Lily Tucker is down on her luck and considering a career strutting her stuff around a pole when she gets a call about an unexpected inheritance. It’s every girl’s dream—her estranged grandmother’s kicked the bucket, leaving Lily a house on a private island in Wonderland. 

When she reaches Wonderland, though, she finds a house that’s more like a hovel, a job waiting tables at the local diner, and a crime wave that seems to begin and end with Lily herself. Sexy deputy Toby can’t decide if he should arrest her or drag her off to bed—until it becomes clear that Lily’s not the criminal. She’s the target.

Excerpt: Chapter One
Lily launched a bag of barbecue potato chips across the room, hitting Jake squarely in the back of the head.
He rubbed his skull. “What was that for?”
“Jake Pratt, you are a dirty, lying, thieving, no-good, ugly, low-life, belly-crawling thug,” Lily said without pausing for a breath. “And didn’t you ask for a bag of chips?”
“A half-hour ago.” Jake ripped open the bag. “But I ain’t dirty!”
He also wasn’t ugly.
There was a rap at the door, interrupting the yelling, but neither occupant acknowledged the intrusion. Jake raised the TV remote and the volume followed suit. A second, louder knock rang out, this time impossible to ignore.
“Phone call for Lily,” a man said warily from the other side of the paper-thin door.

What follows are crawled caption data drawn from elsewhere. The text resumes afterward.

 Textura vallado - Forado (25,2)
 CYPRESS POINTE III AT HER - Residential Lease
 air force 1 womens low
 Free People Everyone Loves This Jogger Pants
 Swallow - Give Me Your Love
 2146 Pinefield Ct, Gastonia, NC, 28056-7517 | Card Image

Lily sighed loudly before strolling across the worn linoleum floor. The heels of her boots clicked with each step, matching the sway of her hips. She kicked an empty beer can across the room. The aluminum can ricocheted off several surfaces, the sound echoing throughout the space before the container rested in the small, dated kitchenette. She flung the apartment door open, letting it crash into the wall, and then slammed it shut behind her.

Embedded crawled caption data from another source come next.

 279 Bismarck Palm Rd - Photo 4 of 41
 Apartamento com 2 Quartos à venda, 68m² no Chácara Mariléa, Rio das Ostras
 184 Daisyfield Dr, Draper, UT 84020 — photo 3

Lily sniffed. She distinctly smelled urine. Did it come from the rat-faced man before her, or was there some other culprit?

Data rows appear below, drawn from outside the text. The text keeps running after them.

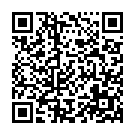 C&oacute;digo QR con el enlace al titular Plus Ultra Seguros integrarÃ¡ Clickseguros.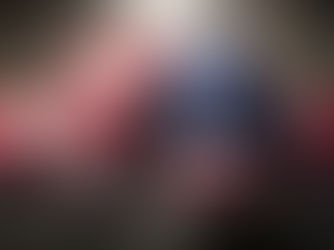 5 Hidden Truths About US-Canada Trade and Tariffs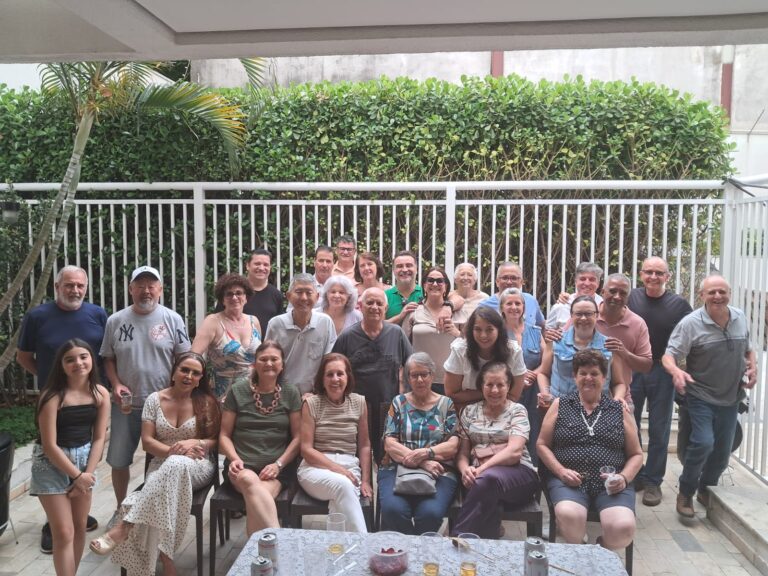 Confraternização 2025 571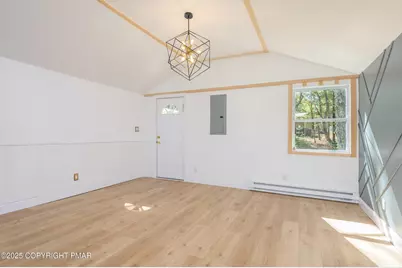  510 Danas Court, East Stroudsburg, PA 18302 - Photo 10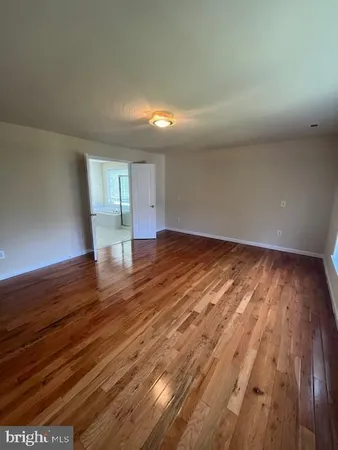 $3,400 | 3 Brook Hill Court, Cockeysville, MD 21030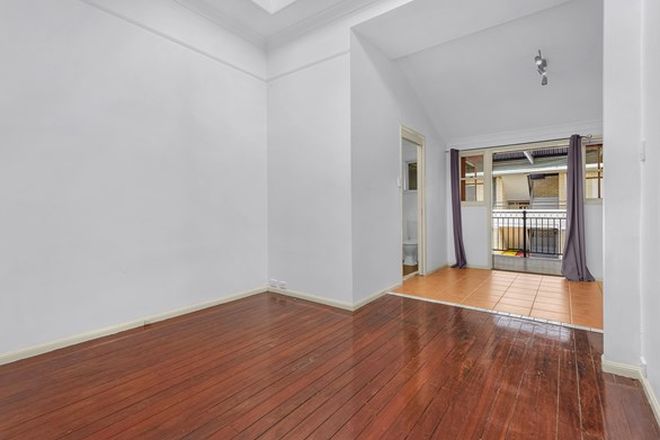 895 Rental Properties In New Farm Qld 4005 Domain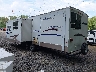 4YDT3112571****** Salvamento y Reparables 2007 Keystone Keystone en Rec Rides Online Exclusive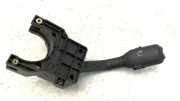 Blinkerhebel Audi A8 (4D, D2) CZK0301203020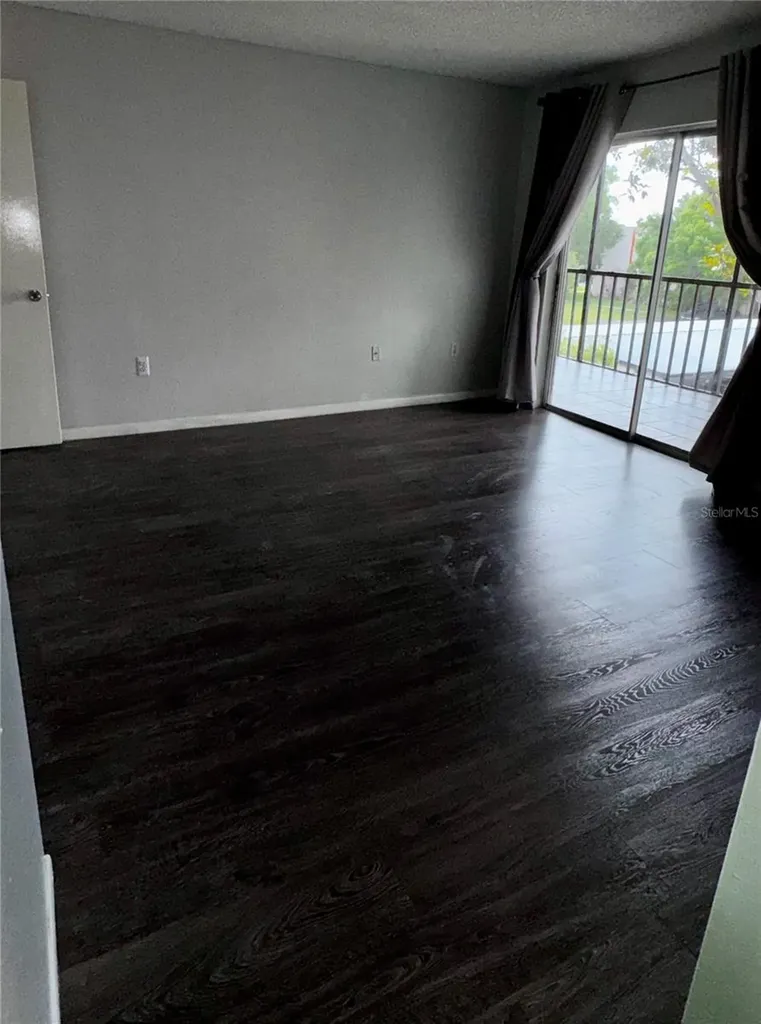 1130 N Lake Parker Avenue Lakeland FL 33805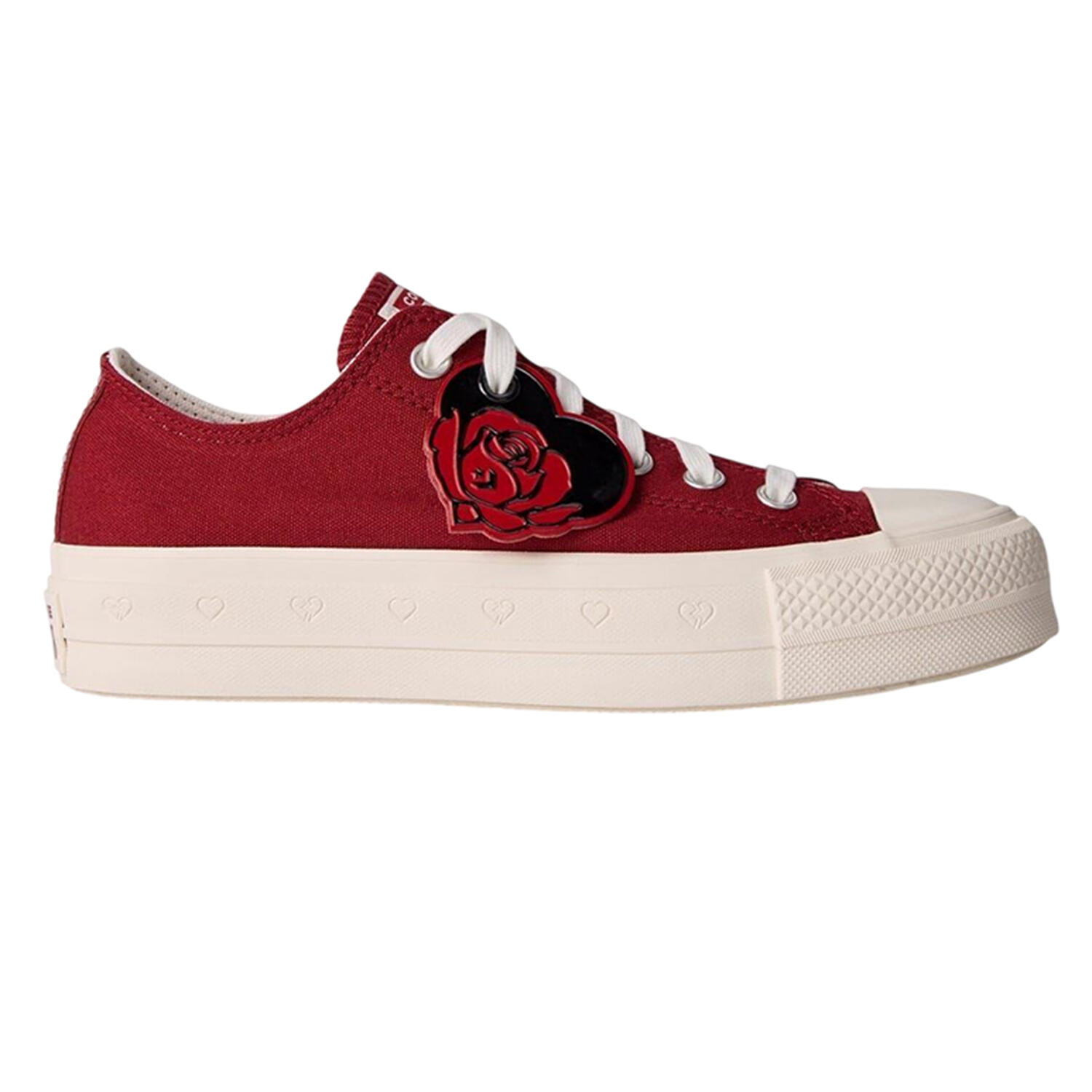 CONVERSE picture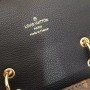 LV BACKPACK 110829A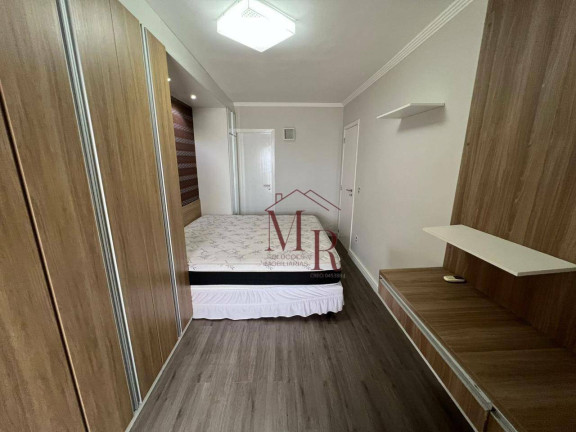 Imagem Apartamento com 3 Quartos à Venda, 120 m² em Aviação - Praia Grande Imagem Apartamento com 3 Quartos à Venda, 120 m² em Aviação - Praia Grande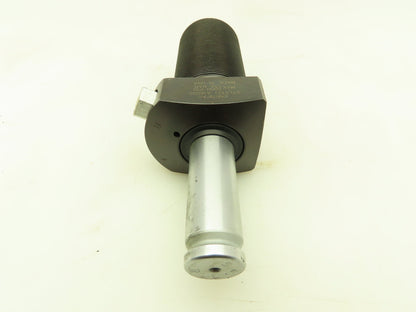 Enerpac STLS-121 Threaded Hydraulic Cylinder Workholding 1 7/8"-16 5000 PSI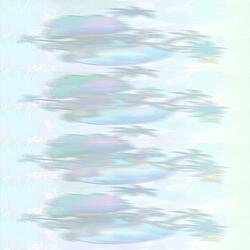 if u have an opinion no u dont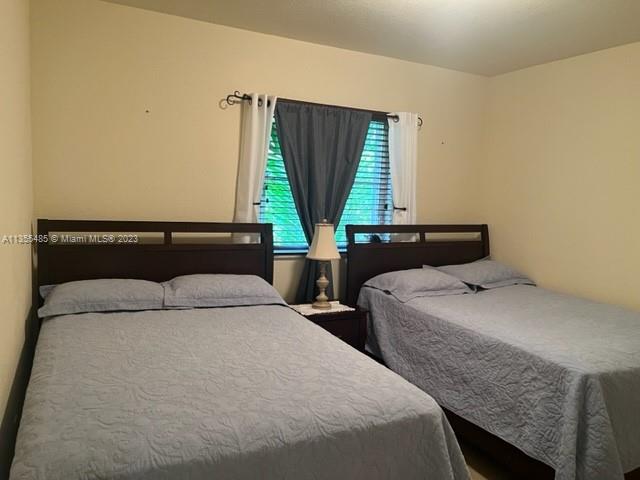 VILLAGE WALK II - Residential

“That’s quite a shiner,” the man pointed out.
“Nothin’ gets by you, Einstein,” Lily replied.
“My name isn’t Einstein. It’s…it’s Clyde.”
“Whatever,” Lily mumbled. She picked up the receiver of the pay phone down the hall, which smelled of stale nicotine. Lily wiped the mouthpiece off on her shirt before putting it to her face. “Hello.” She didn’t even bother masking her disinterest to the caller.
“Is this Lily Tucker?” a shaky voice asked from the other end of the line.
“I’m happy with my long distance carrier, Elwood,” she advised the caller while she lamented over her chipped fingernail polish.
There was a moment of silence. “You…you don’t have a phone,” the caller pointed out.
“What are we talking on, brain trust?” She blew a bubble with her gum.
“I…uh…well, a pay phone,” he ventured.
A loud pop from her end of the phone punctuated his words.
“You’re a hard woman to find,” he added.
“Listen, I’m late for a very important meeting and, as they say, time is money. So what do you want?” she asked, not really caring but in no hurry to go back to her dingy studio apartment to continue an argument she would never win. Fighting with Jake was like trying to reason with a drunk—a waste of time.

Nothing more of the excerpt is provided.